▶ **TASK BRIEF**
How many lines of the data include the string "with"? State the number and nothing else.

===== MATERIAL SHOWN

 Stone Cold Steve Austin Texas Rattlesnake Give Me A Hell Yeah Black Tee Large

==========
===== MATERIAL SHOWN

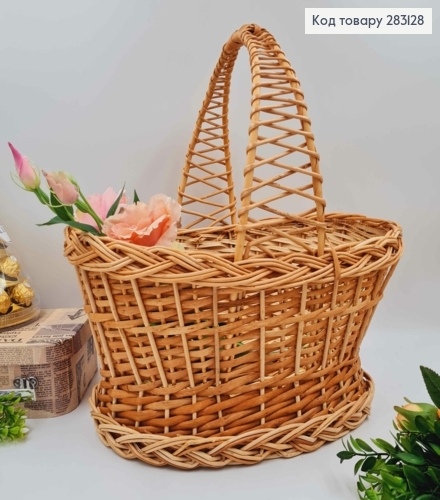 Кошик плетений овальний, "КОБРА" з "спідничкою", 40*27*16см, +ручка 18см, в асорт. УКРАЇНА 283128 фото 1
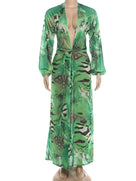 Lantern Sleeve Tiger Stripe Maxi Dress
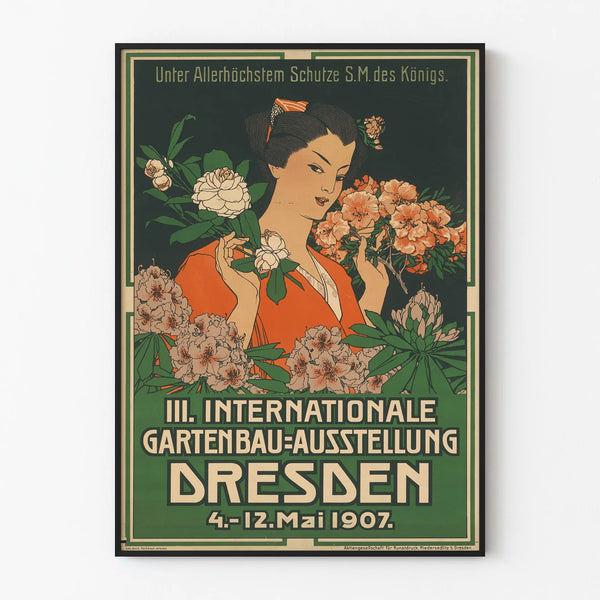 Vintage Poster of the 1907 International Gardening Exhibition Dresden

==========
===== MATERIAL SHOWN

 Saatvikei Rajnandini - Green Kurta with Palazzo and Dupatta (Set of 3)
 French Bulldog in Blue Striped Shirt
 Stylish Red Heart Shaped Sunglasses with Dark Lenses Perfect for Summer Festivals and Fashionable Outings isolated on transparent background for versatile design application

==========

▶ **WORKED SOLUTION**
2